The Port of Houston is getting the biggest chunk of nearly $142 million worth of port security grants. Those federal grants to 36 ports were announced today by the Department of Homeland Security. The Houston port was awarded $35.3 million by the port security grant program. Two Louisiana ports damaged to varying degrees by Hurricane Katrina also received awards. The Port of New Orleans, which restarted commercial cargo operations this week, received $2 million. The Port of South Louisiana, which sustained minor structural damage and is 85 percent operational, received $1.1 million. Those funds will be held until those ports are ready to implement proposed security projects.

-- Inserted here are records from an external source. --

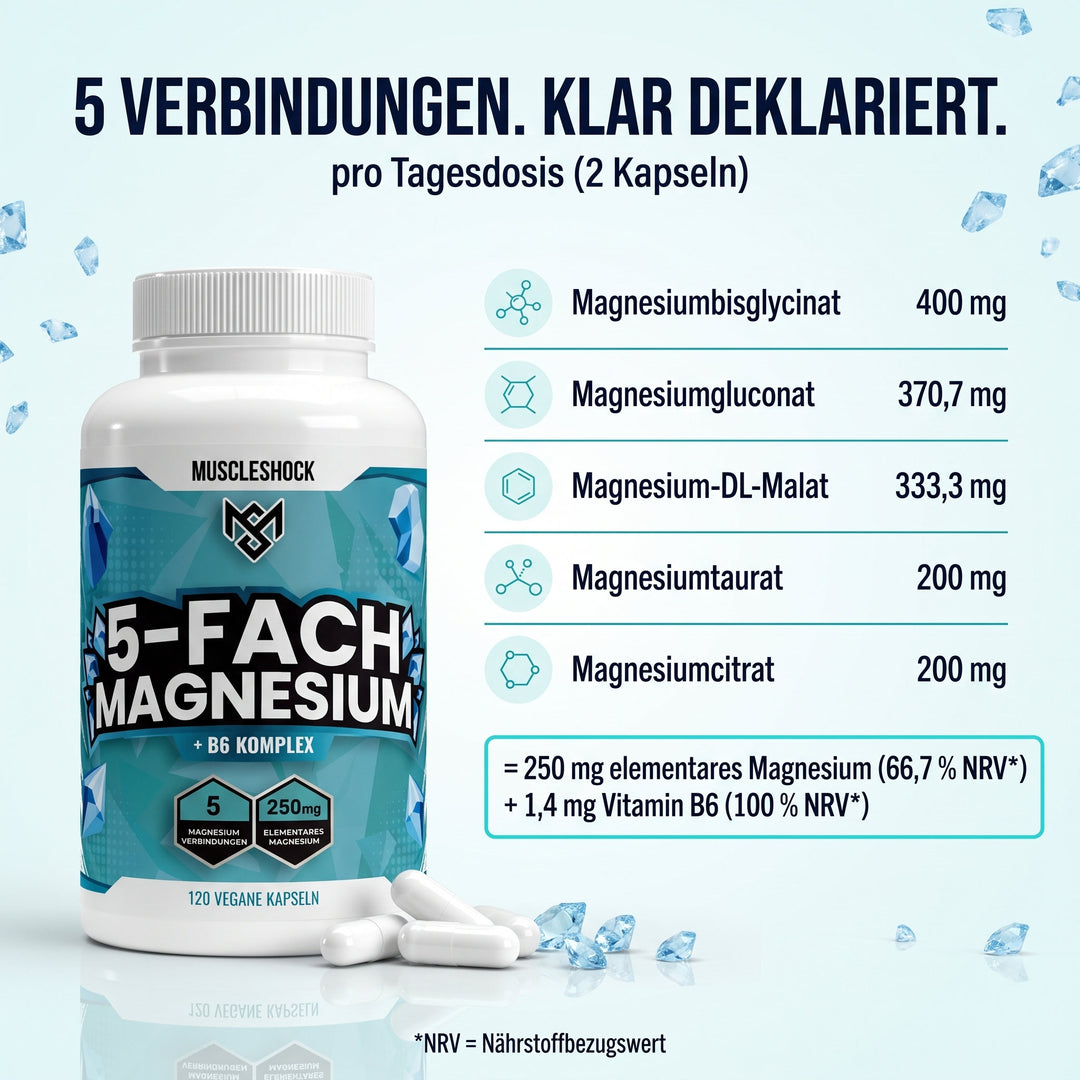5-fach Magnesium Komplex + B6 – 5 Magnesium-Verbindungen pro Tagesdosis (2 Kapseln): 250 mg elementares Magnesium und 1,4 mg Vitamin B6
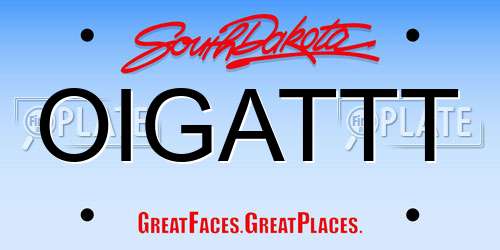 OIGATTT South Dakota License Plate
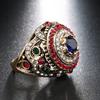 Women's Luxury Round Colorful Rhinestone-Inlaid Finger Ring Party Jewelry Gift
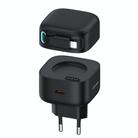 USAMS US-CC209 SMF Series PD35W 8 Pin + Type-C Dual Port GaN Fast Charger, EU Plug(Black) - 1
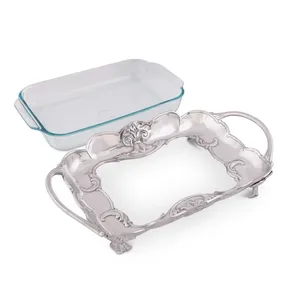 Bandeja Metálica Moderna Hecha a Mano, Plato Decorativo para Servir Comida, para Cenas y Eventos, Artesanía de Lujo en Aluminio Multiusos - Product Image 5
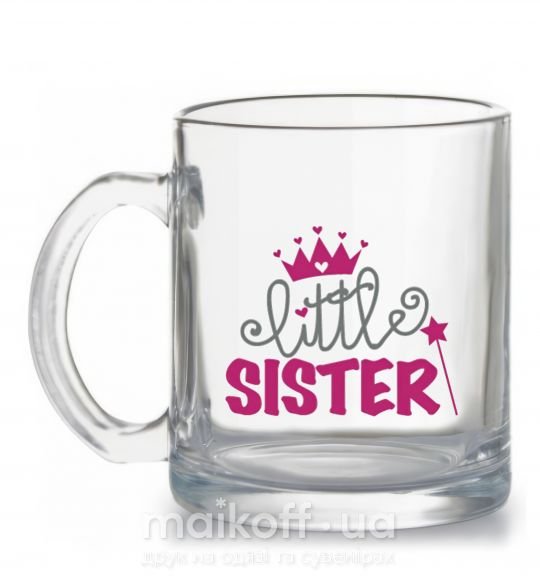 Чашка скляна Little sister Прозорий фото
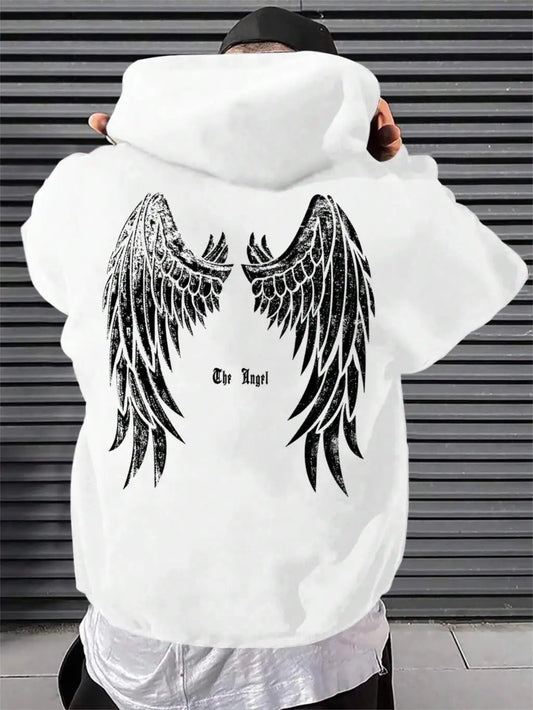 Ailes d’ange Impression Homme Capuche Sweat-shirt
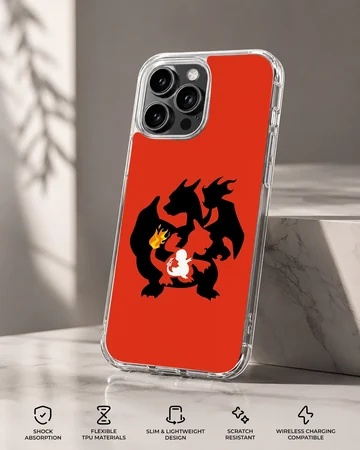 Nested black and white silhouettes of a fire dragon evolution on a vibrant red background phone case — Specs
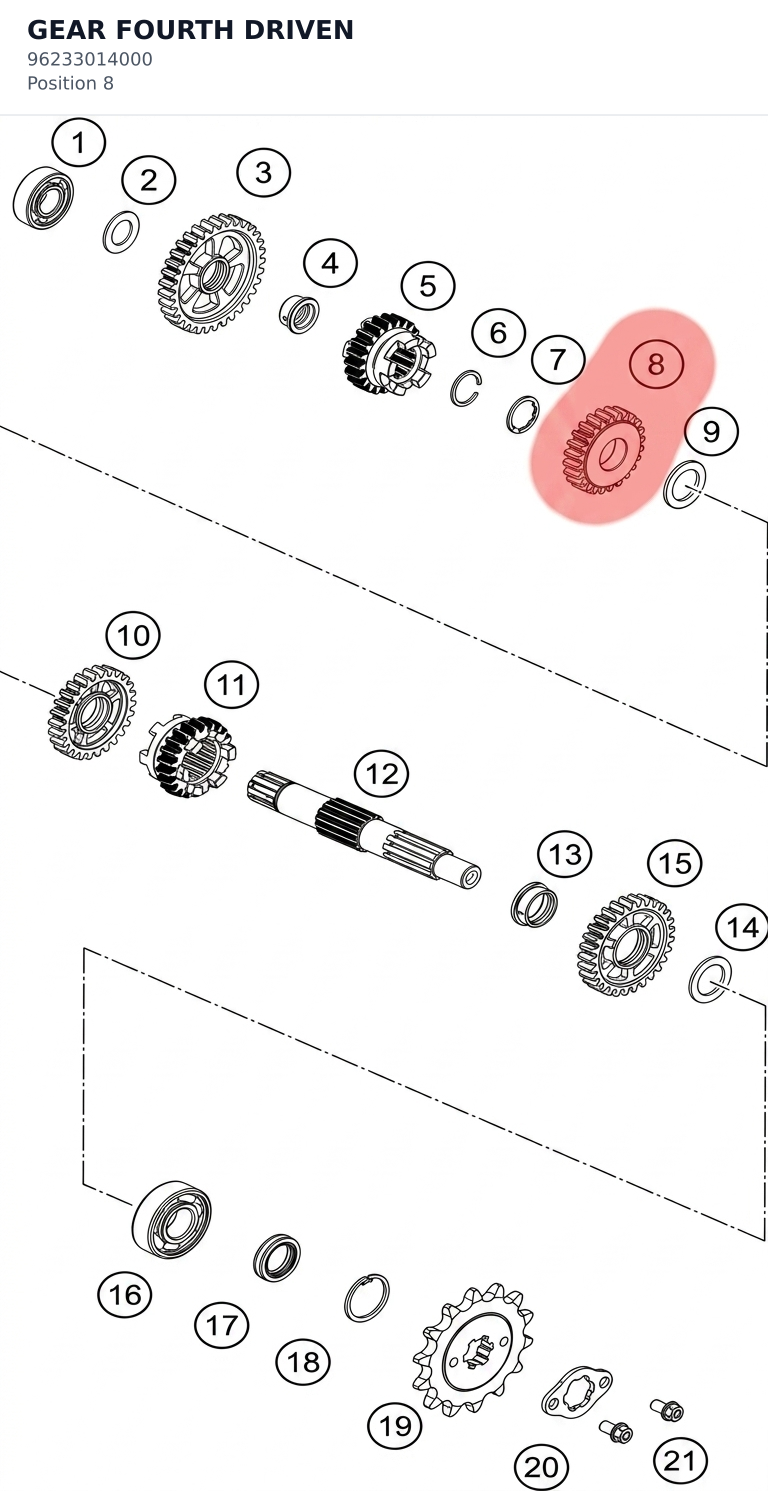 Diagram preview: GEAR FOURTH DRIVEN (96233014000)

Many bananas that were headed for the hurricane-damaged port of Gulfport, Mississippi have been detoured to the Port of Freeport. Before Hurricane Katrina, Freeport handled about 300 containers of bananas a week. Officials say now the site is getting more than 1,000 containers of bananas weekly. The port has had to expand hard surface areas to accommodate the extra containers. The Port of Houston has also experienced an increase in shipments of various goods at its docks. Authorities say so far, the Port of Houston has seen about 64,000 tons of additional goods ranging from rubber to timber.
The Agriculture Department says Texas cotton producers are forecast to bring in 7.2 million bales this year, an 18 percent increase over the 2005 estimate published last month. The USDA’s survey also shows that, nationally, the outlook is also up from last month’s forecast. The estimated 1.1 million-bale increase in Texas would more than offset losses in Mississippi and Louisiana, the states hardest-hit when Hurricane Katrina mauled the Gulf Coast on August 29th. The storm hit east of the cotton growing regions in those states, but 140-mile-per-hour winds battered crops in Mississippi. Texas, by far the country’s largest producing state, is forecast to harvest 600,000 fewer bales than last year’s record crop of 7.8 million bales.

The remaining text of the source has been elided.